おざけんです。ハイロードコンサルティングの坂井さんからはAINOWでビジネス視点でのAIについて多く発信していただいてきました。

 

プロジェクトマネジメントとAI開発

戦略とKPIとAI

今回は、「企画とAI」というテーマでお送りします。機械学習のAIプロジェクトでは「人」を軽視しがちなところがあります。顧客を見ずにアルゴリズムを見たり、属人的な仕事と非属人的な仕事の区別がついていなかったり。

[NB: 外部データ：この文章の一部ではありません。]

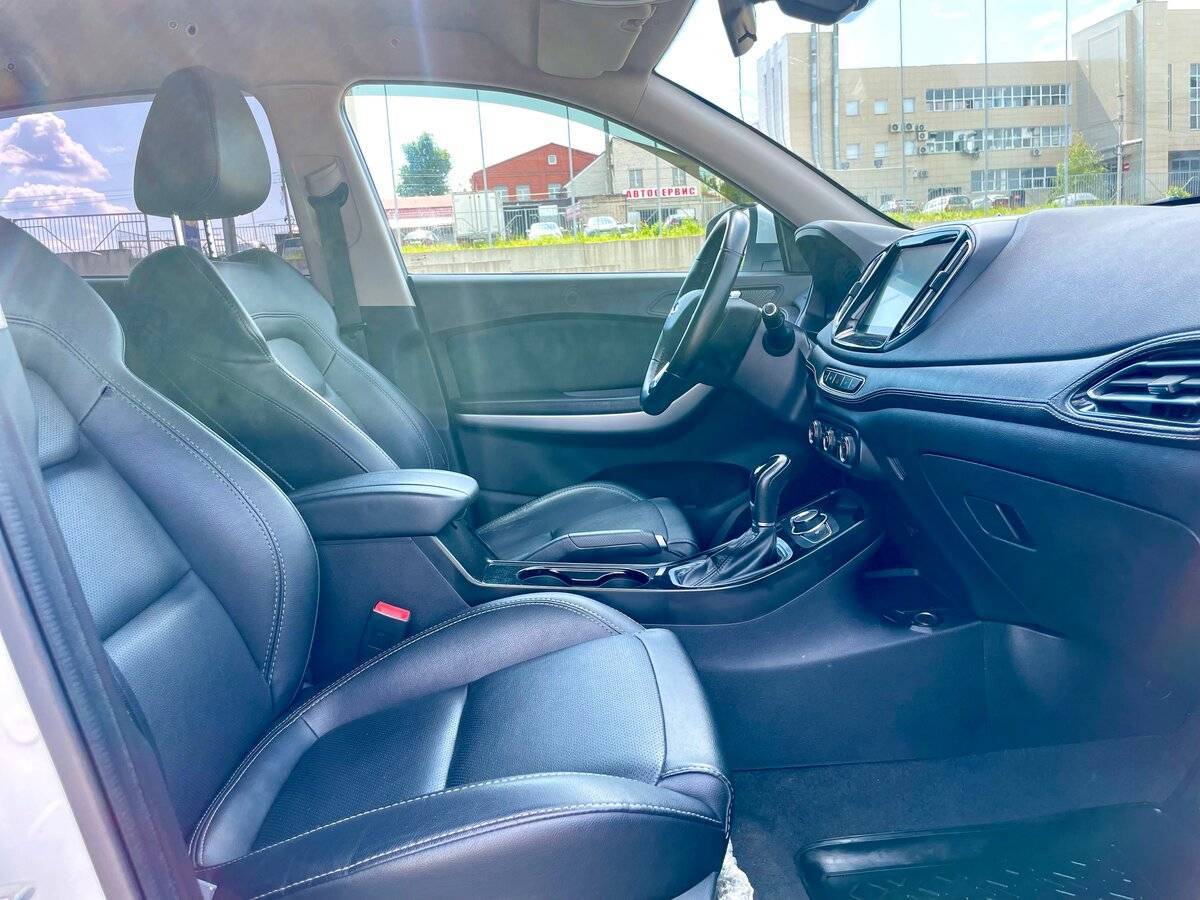 Б/У Чери Тигго 7 2019 года. Фото: #8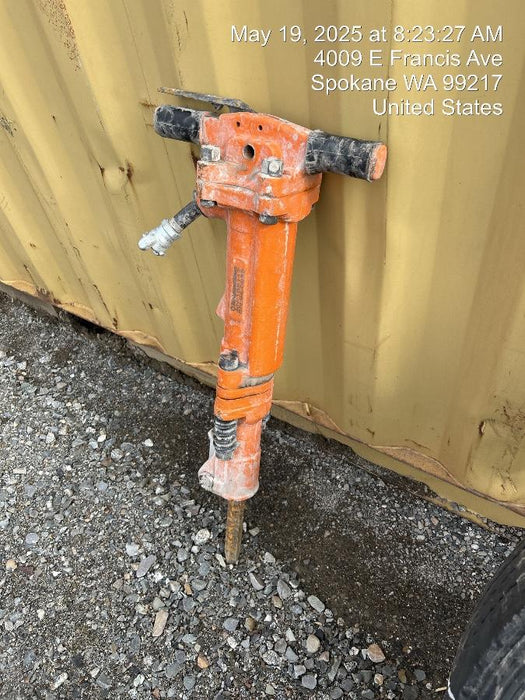 2021 MICHIGAN PNEUMATIC MP-TPB90-114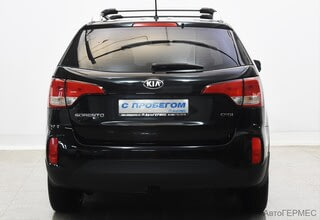 Фото Kia Sorento II Рестайлинг с пробегом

AIプロジェクトの本質を見つめることで、よりよいAIの活用が見えてきます。今回はその「企画」編です。

イントロダクション

仕事をしていると旅に出たくなることがある。東京は関東平野の一部であり、平野は山に囲まれている。東京から電車で遠くへ出かけると、車窓は林立するビル群から関東平野の郊外の街並みへ姿を変え、やがてトンネルの暗闇へと変化する。ときおり光とともに山間の森の風景が姿を見せるが、しばしの暗闇を抜けると別天地へと変化する。同じ日本ではあるが、その風景は最初と別のものである。トンネルの時間と景色の変化は新しいビジネスの立ち上げを思わせる。

AI の現状について、さまざまな意見がある。そろそろ飽きてきたという人がいる。ブームが終わりつつあるという人がいる。AIに取り組まねば世界で戦えないという人がいる。各人の風景においてそれぞれは合理的な意見だろう。

これらの意見の背後には「最先端の技術をやってみた」と喜んでいたフェーズから、プロとしての責任を問われるフェーズへと移行しつつあるように見受けられる。ビジネス面においては実験すること自体が目的だったが成果を求めることへ揺り戻しが始まりつつあるように見受けられる。それは、単なる思いつきからキャッシュを生み出す仕組みをつくることへの移行である。

この移行は目新しいものではない。ITでも見られたことである。その成果は、スティーブ・ブランクのアントレプレナーの教科書やエリック・リースのリーン・スタートアップをはじめ、起業のプロセスやマネジメントとして体系化された。勉強熱心な方は関連書籍を何冊か読まれていることだろう。しかしながら、これらでは多く語られていないことがある。それは属人的なスキルとみなされている領域である。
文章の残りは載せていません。